The Data Engineer is responsible for designing, building, and maintaining scalable data pipelines and architectures to support analytics, reporting, and business intelligence. This role ensures data integrity, accessibility, and performance across multiple systems.
Key Responsibilities
Data Pipeline Development
Design, develop, and optimize ETL/ELT processes for structured and unstructured data.
Implement data ingestion from various sources (APIs, databases, cloud storage).
Data Architecture
Build and maintain data warehouses, data lakes, and real-time streaming systems.
Ensure data models are efficient, scalable, and aligned with business needs.
Data Quality \& Governance
Implement data validation, cleansing, and transformation processes.

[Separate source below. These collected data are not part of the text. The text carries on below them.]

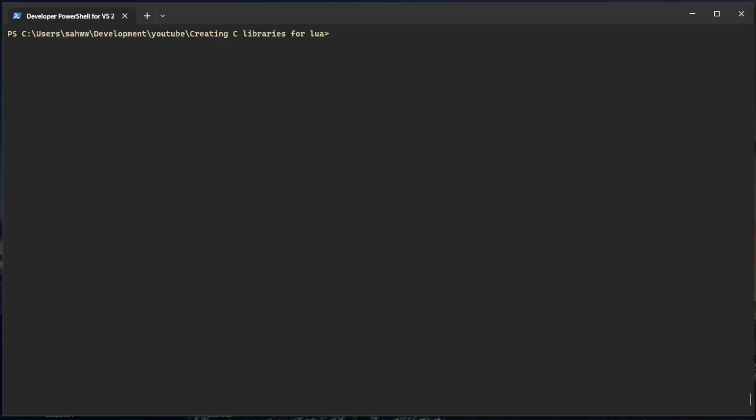Hello this is Austin and today I'm going to show you how to make your own C libraries that you can use in Lua.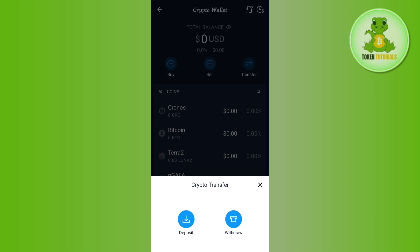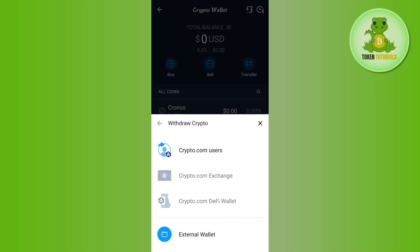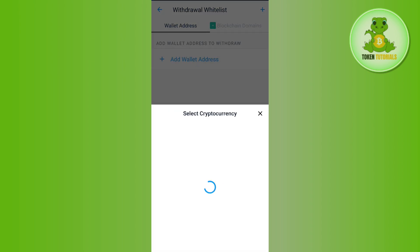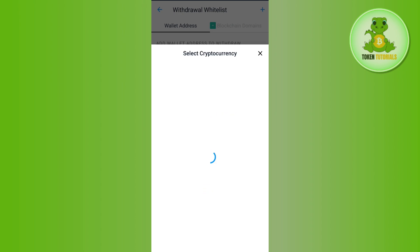So here you need to select the Withdraw option and then select the option of External Wallet. Here you need to tap on the Add Wallet Address option, or you can even tap on the plus icon in the top right-hand corner of the screen. Afterwards, you will be able to see all of the cryptocurrencies that you can withdraw from crypto.com.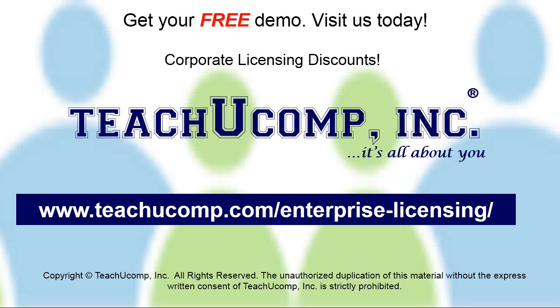Need computer training for a group or office? Contact us today to get a free demo of our training at www.teachucomp.com/enterprise-licensing.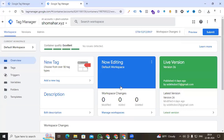Hi digital marketers, this is Faisal Amin. Welcome back to my channel. Today I will show you how to import and export a container in Google Tag Manager, and also how to export and import specific tags, triggers, and variables according to your need. So let's get started.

Ensure compliance with data security and privacy regulations.
Collaboration
Work closely with Data Scientists, Analysts, and Business teams to deliver reliable datasets.
Partner with DevOps for deployment and monitoring of data solutions.
Required Skills \& Qualifications
Technical Skills
Strong proficiency in SQL and relational databases.
Experience with big data technologies (Hadoop, Spark) and cloud platforms (AWS, Azure, GCP).
Knowledge of data pipeline tools (Airflow, Kafka, Glue).
Programming skills in Python, Java, or Scala.
Experience
3–7 years in data engineering or related roles.
Hands-on experience with data modeling and performance tuning.
Certifications (Preferred)
AWS Certified Data Analytics or Google Professional Data Engineer.
Knowledge of CI/CD and containerization (Docker, Kubernetes).
Soft Skills
Strong problem-solving and analytical skills.
Excellent communication and teamwork abilities.
Ability to manage multiple projects in a fast-paced environment.